Players of the Chicago Blackhawks celebrate their win over the Boston Bruins in Game Five of the Stanley Cup Final at the United Center on June 22, 2013 in Chicago, Illinois. (Photo by Tasos Katopodis/Getty Images)
The Chicago Blackhawks will get their first crack at clinching their second Stanley Cup championship in four years when they battle the Boston Bruins on Monday night.
They will be aided in their attempt to win the title by captain Jonathan Toews, who is all but assured of playing in Game 6. His play has helped spark the offensive game of winger Patrick Kane, who scored two goals and attempted nine shots in the Hawks’ 3-1 victory over the Bruins in Game 5.
That type of performance is indicative of the way that Kane has been stepping up in key games so far in his career. He not only scored the Cup-winning goal for the Hawks against the Philadelphia Flyers in 2010, but more recently he had two goals in the Hawks’ Game 4 triumph over the Kings, when they were without the services of defenseman Duncan Keith. He also scored a hat trick in Game 5 of that series, including the overtime winner that sent the Hawks to the Cup Final.
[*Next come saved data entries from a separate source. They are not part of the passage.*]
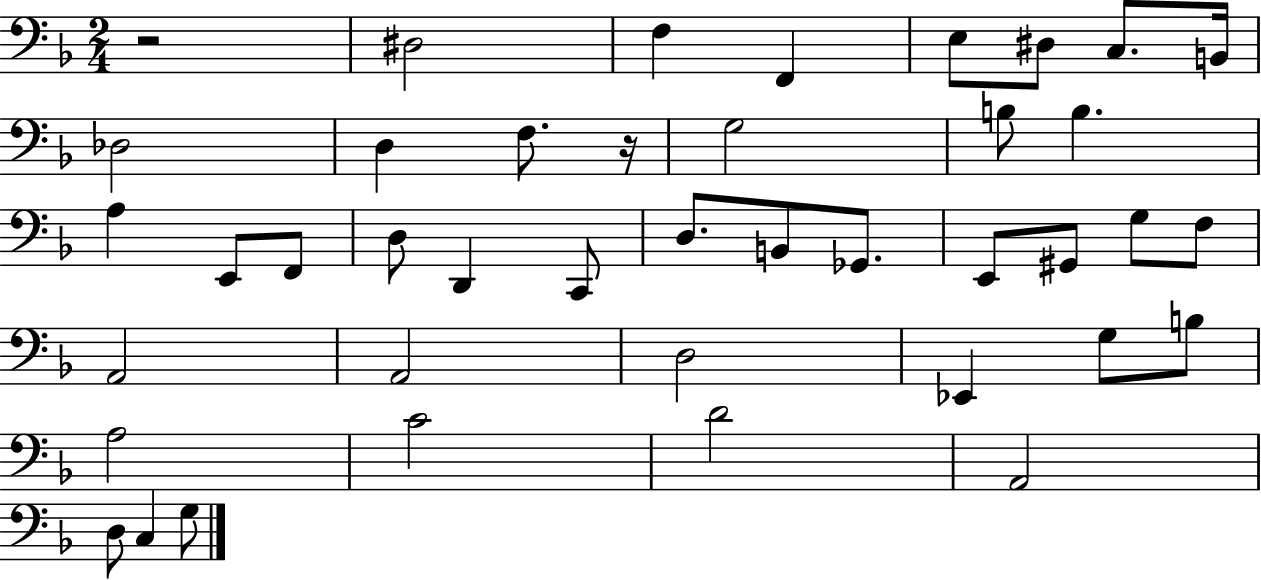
{
  \clef bass
  \numericTimeSignature
  \time 2/4
  \key f \major
  r2 | dis2 | f4 f,4 | e8 dis8 c8. b,16 | \break des2 | d4 f8. r16 | g2 | b8 b4. | \break a4 e,8 f,8 | d8 d,4 c,8 | d8. b,8 ges,8. | e,8 gis,8 g8 f8 | \break a,2 | a,2 | d2 | ees,4 g8 b8 | \break a2 | c'2 | d'2 | a,2 | \break d8 c4 g8 | \bar "|."
}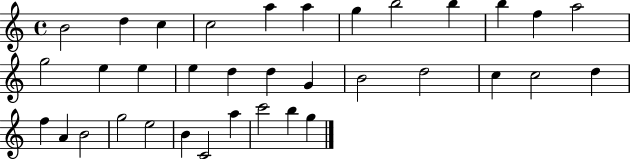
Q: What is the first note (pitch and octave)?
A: B4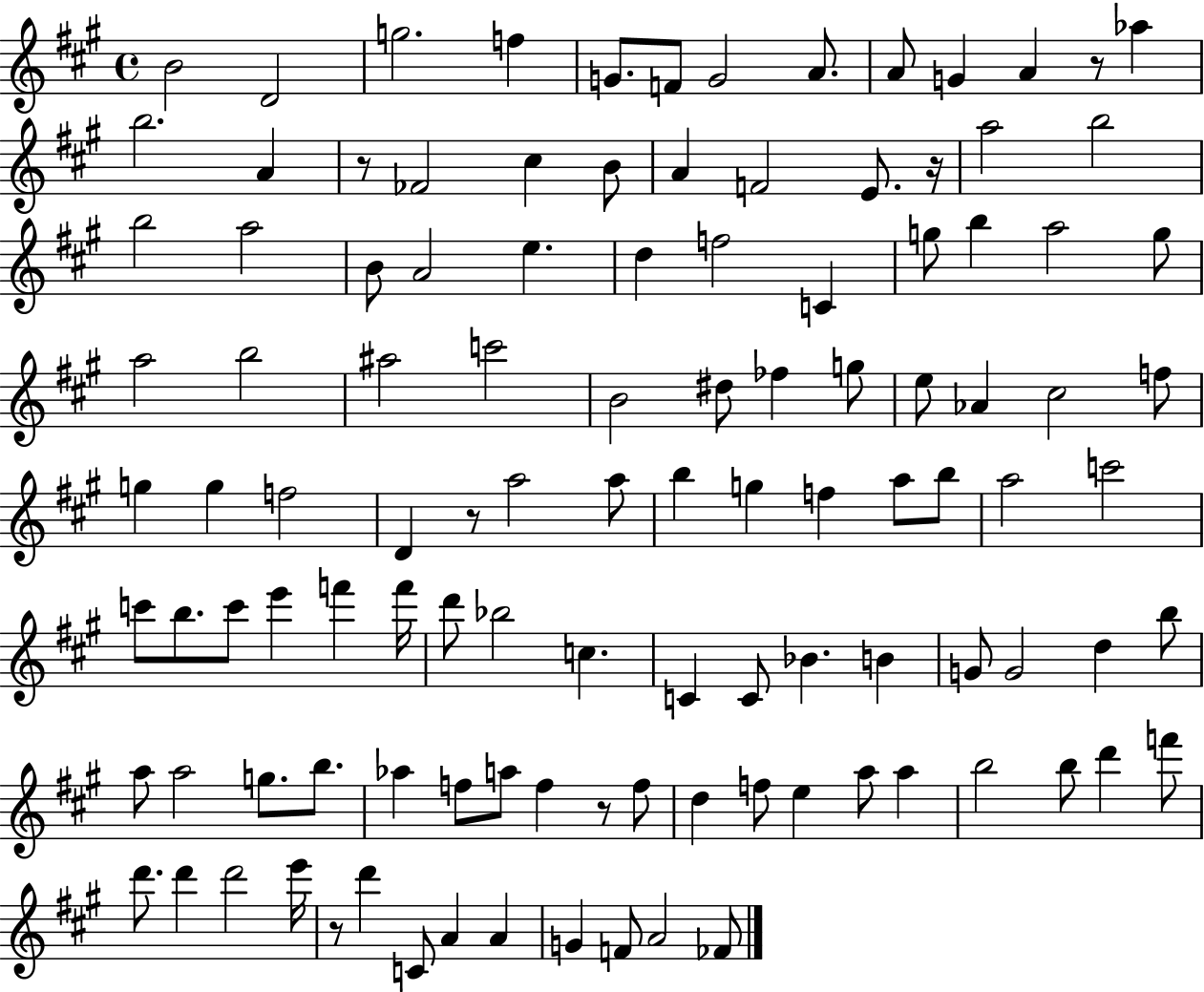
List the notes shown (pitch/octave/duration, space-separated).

B4/h D4/h G5/h. F5/q G4/e. F4/e G4/h A4/e. A4/e G4/q A4/q R/e Ab5/q B5/h. A4/q R/e FES4/h C#5/q B4/e A4/q F4/h E4/e. R/s A5/h B5/h B5/h A5/h B4/e A4/h E5/q. D5/q F5/h C4/q G5/e B5/q A5/h G5/e A5/h B5/h A#5/h C6/h B4/h D#5/e FES5/q G5/e E5/e Ab4/q C#5/h F5/e G5/q G5/q F5/h D4/q R/e A5/h A5/e B5/q G5/q F5/q A5/e B5/e A5/h C6/h C6/e B5/e. C6/e E6/q F6/q F6/s D6/e Bb5/h C5/q. C4/q C4/e Bb4/q. B4/q G4/e G4/h D5/q B5/e A5/e A5/h G5/e. B5/e. Ab5/q F5/e A5/e F5/q R/e F5/e D5/q F5/e E5/q A5/e A5/q B5/h B5/e D6/q F6/e D6/e. D6/q D6/h E6/s R/e D6/q C4/e A4/q A4/q G4/q F4/e A4/h FES4/e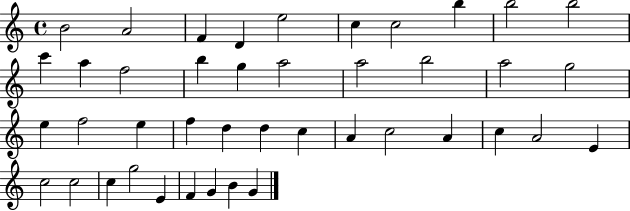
B4/h A4/h F4/q D4/q E5/h C5/q C5/h B5/q B5/h B5/h C6/q A5/q F5/h B5/q G5/q A5/h A5/h B5/h A5/h G5/h E5/q F5/h E5/q F5/q D5/q D5/q C5/q A4/q C5/h A4/q C5/q A4/h E4/q C5/h C5/h C5/q G5/h E4/q F4/q G4/q B4/q G4/q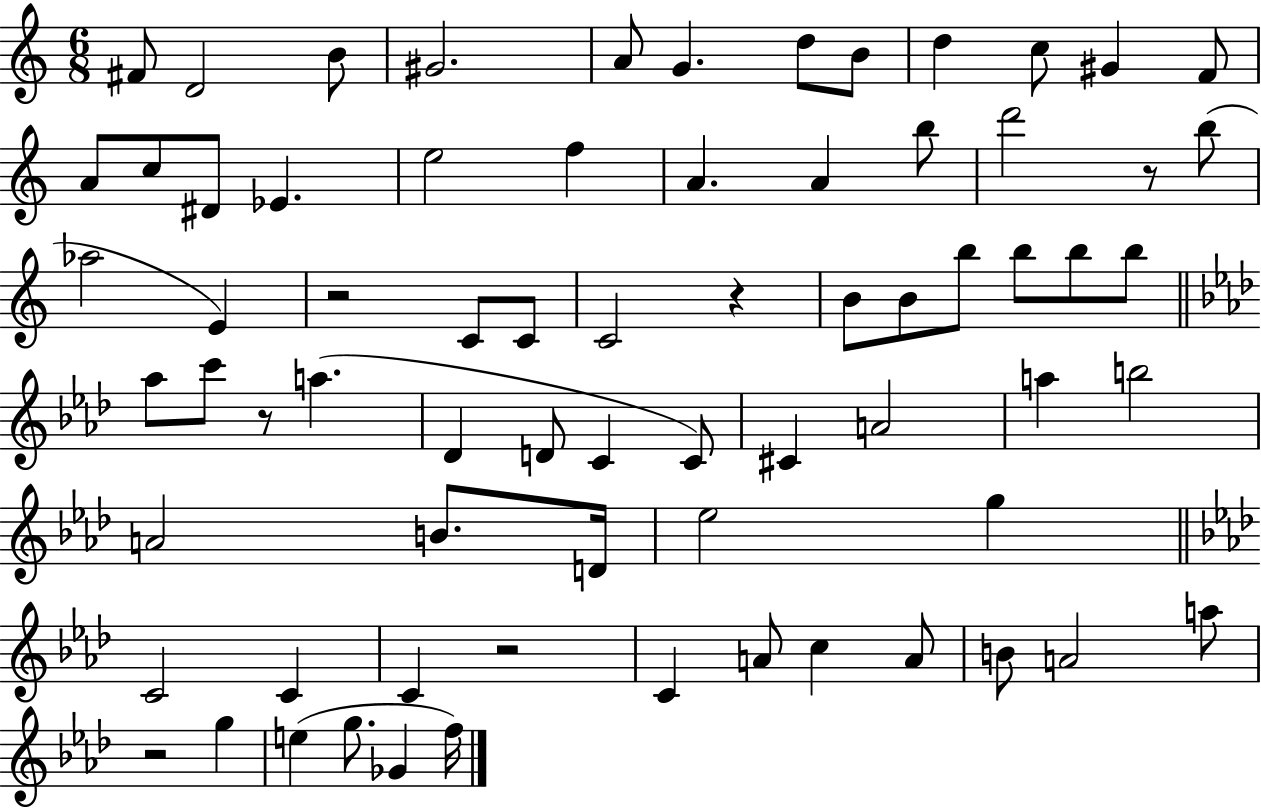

Those types of performances have fed his legend with fans of the team, but they may also make him a huge contender for the Conn Smythe trophy if the Hawks can hoist the Cup. With Toews likely limited a bit by his injury, Kane will have to keep up his intensity both on offense, but also on defense, where he has excelled the past few games with an aggressive backchecking style and an ability to pickpocket Bruins players before they can get their rush set up.
Another line that has been doing well in terms of that kind of two-way play has been the second line, and they will have to do the same thing on Monday night. Guys like Patrick Sharp and Marian Hossa have looked excellent in the past two games for the Hawks, clogging up the neutral zone and posing matchup issues for a Bruins team who has been having to throw extra pressure at the Hawks’ top line.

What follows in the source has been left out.